C#88: The Original C#

A few notes for posterity

Introduction

Every once in a while the topic of the original C# (vintage 1988) comes up. This is the project for which I was recruited to Microsoft and it was a very interesting beast, with even more interesting colleagues. I thought I would write a few notes about this system while I still remembered the basics of how it worked. Obviously a much longer article would be necessary to get everything down but you should be able to get sense of its operation from this primer. At its zenith, C#88 was able to build and run “Omega” — what you would now call Microsoft Access.

System Basics

The system was designed to support incremental compilation, and that factored heavily into every design aspect. Persistent storage between compiles was provided by what we called the Global Symbol Cache (GSC). The GSC was an object oriented database that provided transactions and simple isolation. Supporting one writer and many readers, the readers all saw the database as it existed when they began their session. The writer observed its own writes as usual. Transactions and Isolation were all built using a page-mapping strategy not unlike the one used in PDB files even now… this is not a coincidence. The GSC was a cache in the sense that you could delete it and lose nothing but time.

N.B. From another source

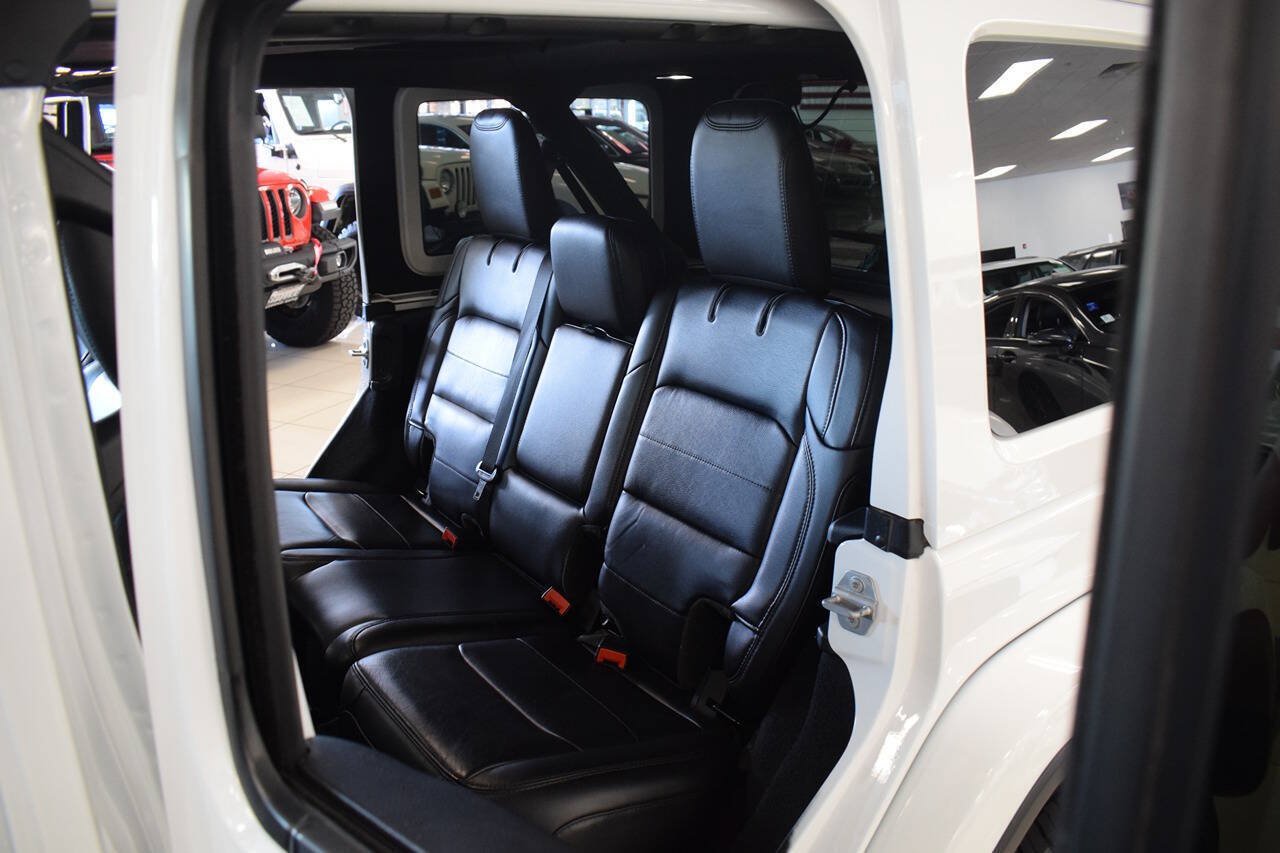 Used 2020 Jeep Wrangler Unlimited Sahara AWD/4WD image 37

The C# language was designed to be substantially compatible with the C programming language. As it happened the underlying compiler supported what you might call a variant of K&R C. That means function prototypes are optional, and lots of things “int” by default. The compiler produced hybrid PCode and native x86 assembly, traditional for MS applications at the time.

The compilation model was what you might get if you built something like “C.Net” today. Files could be, and were, compiled in any order, including .h files which were really not considered to be any different than .c files. The system did not do something like “scan for definitions then parse bodies” as you might expect, rather, it exploited its incremental nature to incrementally reparse out-of-order until convergence as we will see below. The team mantra was “twice incremental is still cheap.”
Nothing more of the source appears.